IAPP: Does the current implementation encrypt at the table, column, or field level, or are these reference models inapplicable?

Gentry:
There isn’t an ”implementation” yet; currently, there is only a mathematical description of the scheme.

The reference models are inapplicable, as stated above. Any program or database-querying system could be ”compiled” into an (encypted) program or (encrypted) system that has encrypted input and output.

IAPP: How does it compare to other fully homomorphic encryption schemes? What makes it different?

Gentry: There aren’t any other fully homomorphic encryption schemes. A bit more accurately, and to get a bit technical, there are previous schemes but their performance (running time) depends *exponentially* on the function f that you are computing, whereas the running time of my scheme depends only *polynomially* on the function f. In other words, to put it simply, even though my current scheme is rather slow, previous schemes would be much, much slower—ridiculously slower—for mildly complex functions f.

IAPP: A Forbes article on your scheme mentioned that the current application is cumbersome, and that years of newly developed efficiencies will be required to make it commercially viable.

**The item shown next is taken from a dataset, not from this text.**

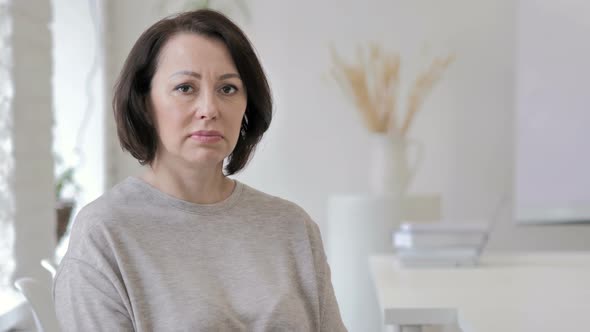 Portrait of Sad Old Senior Woman Looking at Camera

Can the technology be implemented (albeit, inefficiently) on typical current datawarehouse hardware, or are you anticipating that hardware advances over the coming years would make this viable? Is the sense that optimization of the algorithm will improve performance, or that computing hardware will advance to make this unnecessary?

Gentry:
I’m optimistic that, over the next couple of years or so, researchers will find ways to make the algorithms themselves significantly faster, and that the algorithmic speed-up will be much larger than the hardware speed-up over this period. I think it makes sense to find this low-hanging fruit before commercializing it.

It’s dangerous to speculate on when it will be ready to be used on databases...

One issue is that, although part of the appeal of my scheme is that it is ”fully” homomorphic in the sense that it can handle arbitrary functions f, my scheme performs significantly better if the complexity of the function f falls below a certain threshold. Once the complexity of f goes above a certain threshold, I need to use a technique that I call ”bootstrapping,” a computationally-intensive operation in which I ”refresh” the intermediate ciphertexts on my way to computing the eventual output ciphertext (an encryption of f(m_1, ..., m_t)). However, if the complexity of f falls below the threshold, I can get by without using bootstrapping, and the scheme is much closer to being practical for such functions. I would imagine that relatively simple functions, such as a JOIN operation in a database query, would fall into this below-the-threshold category.